Files
compose-projects-arr/stash/config/scrapers/community/KBProductions/KBProductions.py
Christoph Califice 0a5f88d75a stash
2025-10-10 09:50:30 -03:00

316 lines
9.5 KiB
Python

import json
import re
import requests
import sys
from unicodedata import normalize
from html.parser import HTMLParser
import py_common.log as log
from py_common.types import ScrapedMovie, ScrapedPerformer, ScrapedScene, ScrapedStudio
from py_common.util import dig, guess_nationality, replace_all, scraper_args
# Maps the `site_domain` key from the API
# to studio names currently used on StashDB
studio_map = {
"2girls1camera.com": "2 Girls 1 Camera",
"allanal.com": "All Anal",
"alterotic.com": "Alt Erotic",
"amazingfilms.com": "Amazing Films",
"analonly.com": "Anal Only",
"analjesse.com": "Anal Jesse",
"benefitmonkey.com": "Benefit Monkey",
"biggulpgirls.com": "Big Gulp Girls",
"bjraw.com": "BJ Raw",
"blackbullchallenge.com": "Black Bull Challenge",
"cougarseason.com": "Cougar Season",
"creampiethais.com": "Creampie Thais",
"deepthroatsirens.com": "Deepthroat Sirens",
"dirtyauditions.com": "Dirty Auditions",
"divine-dd.com": "Divine-DD",
"facialsforever.com": "Facials Forever",
"freakmobmedia.com": "FreakMob Media",
"gogobarauditions.com": "Gogo Bar Auditions",
"gotfilled.com": "Got Filled",
"hobybuchanon.com": "Hoby Buchanon",
"inkedpov.com": "Inked POV",
"inserted.com": "Inserted",
"jav888.com": "JAV888",
"lady-sonia.com": "Lady Sonia",
"lezkey.com": "LezKey",
"lucidflix.com": "LucidFlix",
"meanfeetfetish.com": "Mean Feet Fetish",
"members.hobybuchanon.com": "Hoby Buchanon",
"mongerinasia.com": "Monger In Asia",
"nylonperv.com": "Nylon Perv",
"nympho.com": "Nympho",
"poundedpetite.com": "Pounded Petite",
"premium-nickmarxx.com": "Nick Marxx",
"red-xxx.com": "Red-XXX",
"rickysroom.com": "Ricky's Room",
"s3xus.com": "S3XUS",
"seska.com": "Seska",
"sexymodernbull.com": "Sexy Modern Bull",
"shesbrandnew.com": "She's Brand New",
"sidechick.com": "SIDECHICK",
"suckthisdick.com": "Suck This Dick",
"swallowed.com": "Swallowed",
"thaigirlswild.com": "Thai Girls Wild",
"topwebmodels.com": "Top Web Models",
"trueanal.com": "True Anal",
"twmclassics.com": "TWM Classics",
"xful.com": "Xful",
"yesgirlz.com": "Yes Girlz",
"yummycouple.com": "Yummy Couple",
"z-filmz-originals.com": "Z-Filmz",
}
def clean_url(url: str) -> str:
# remove any query parameters
return re.sub(r"\?.*", "", url)
# Some sites only work with the `tour.` subdomain
def fix_url(url: str) -> str:
url = url.replace("twmclassics.com", "topwebmodels.com")

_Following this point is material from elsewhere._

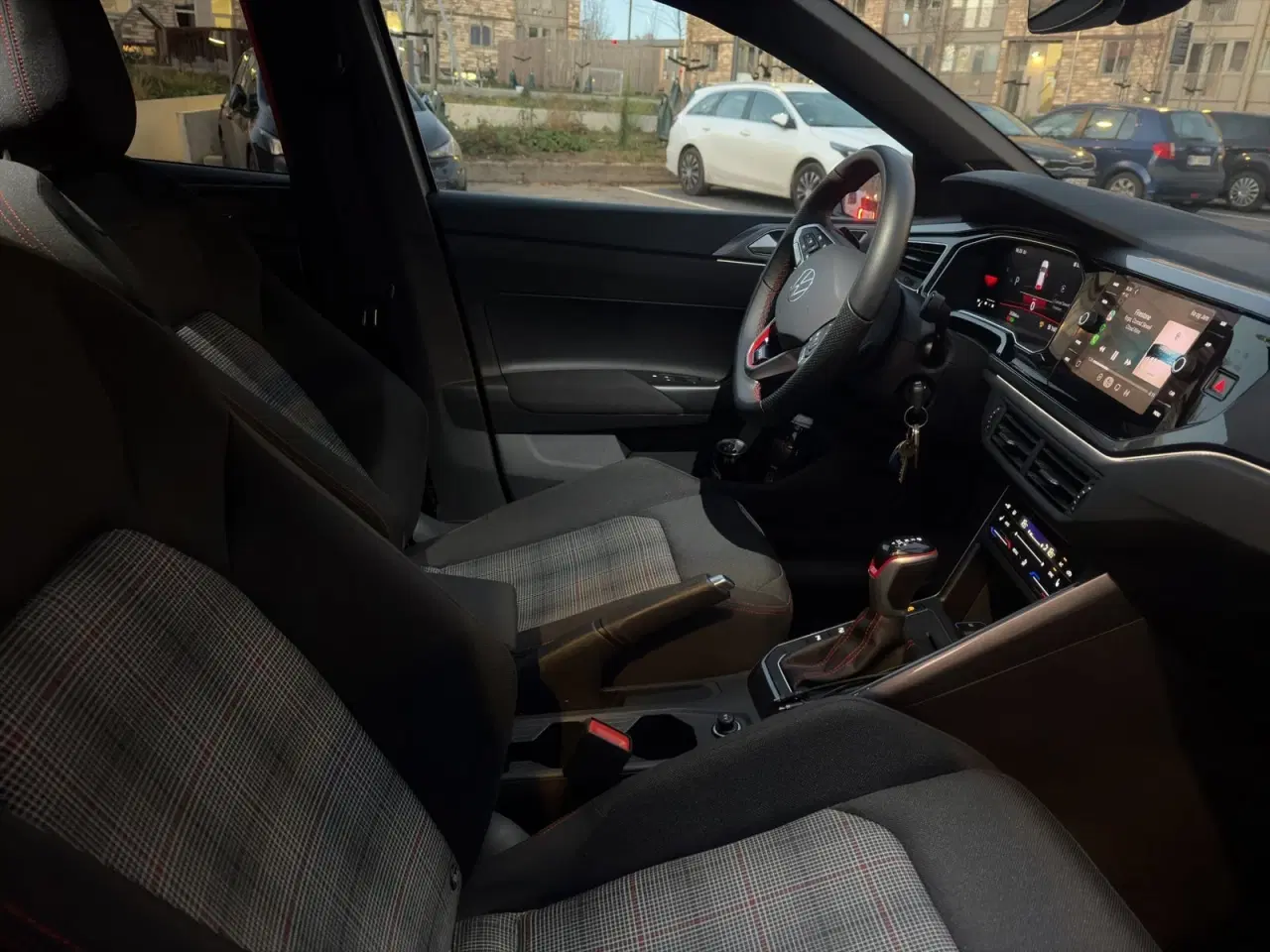 Billede 13 - VW Polo 2,0 GTi DSG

url = url.replace("suckthisdick.com", "hobybuchanon.com")
url = url.replace("premium-nickmarxx.com", "nickmarxx.com")
tour_domain = (
"nympho",
"allanal",
"analonly",
"2girls1camera",
"biggulpgirls",
"deepthroatsirens",
"facialsforever",
"poundedpetite",
"seska",
"swallowed",
"shesbrandnew",
"topwebmodels",
"trueanal",
"twmclassics",
)
return re.sub(rf"//(?<!tour\.)({'|'.join(tour_domain)})", r"//tour.\1", url)

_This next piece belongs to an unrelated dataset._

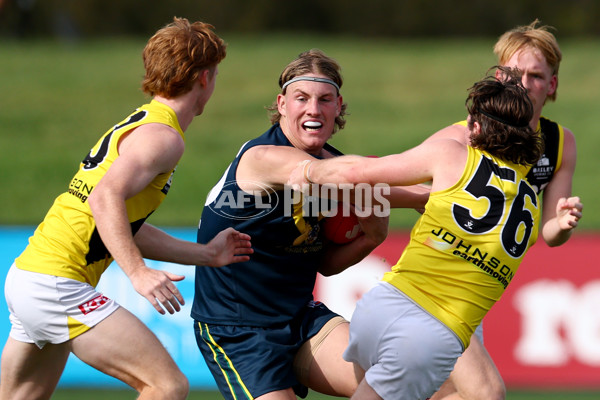 Marsh AFL National Academy Boys 2025 - Australia U18 v Richmond VFL - A-58571169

def strip_tags(html: str) -> str:
class ToPlainText(HTMLParser):
def __init__(self):
super().__init__()
self.reset()
self.strict = False
self.convert_charrefs = True
self.text = []
def handle_data(self, d):
self.text.append(d)
def get_data(self):
return "".join(self.text)
s = ToPlainText()
s.feed(html)
return normalize("NFKD", s.get_data())
def fetch_page_props(url: str) -> dict | None:
r = requests.get(url)
if r.status_code != 200:
log.error(f"Failed to fetch page HTML: {r.status_code}")
return None
matches = re.findall(
r'(?:<script id="__NEXT_DATA__" type="application\/json">({.+})<\/script>)',
r.text,
re.MULTILINE,
)
if not matches:
log.error("Could not find JSON data on page")
return None
parsed_json = json.loads(matches[0])
if not (content := dig(parsed_json, "props", "pageProps")):
log.error("Could not find page props in JSON data")
return content
def make_performer_url(slug: str, site: str) -> str:
return f"https://{site}/models/{slug}"
def get_studio(site: str) -> ScrapedStudio:
name = studio_map.get(site, site)
studio: ScrapedStudio = {
"name": name,
"url": f"https://{site}",
}
if name == "Suck This Dick":
studio["parent"] = get_studio("hobybuchanon.com")
return studio
def to_scraped_performer(raw_performer: dict) -> ScrapedPerformer:
performer: ScrapedPerformer = {
"name": raw_performer["name"],
"gender": raw_performer["gender"],
"url": make_performer_url(raw_performer["slug"], raw_performer["site_domain"]),
}
if image := raw_performer.get("thumb"):
performer["image"] = image
if bio := raw_performer.get("Bio"):
performer["details"] = strip_tags(bio)
if (birthdate := raw_performer.get("Birthdate")) and birthdate != "1969-12-31":
performer["birthdate"] = birthdate
if measurements := raw_performer.get("Measurements"):
performer["measurements"] = measurements
if eye_color := raw_performer.get("Eyes"):
performer["eye_color"] = eye_color
if ethnicity := raw_performer.get("Ethnicity"):
performer["ethnicity"] = ethnicity
if (height_ft := raw_performer.get("Height")) and (
h := re.match(r"(\d+)\D+(\d+).+", height_ft)
):
height_cm = round((float(h.group(1)) * 12 + float(h.group(2))) * 2.54)
performer["height"] = str(height_cm)
if (weight_lb := raw_performer.get("Weight")) and (
w := re.match(r"(\d+)\slbs", weight_lb)
):
weight_kg = round(float(w.group(1)) / 2.2046)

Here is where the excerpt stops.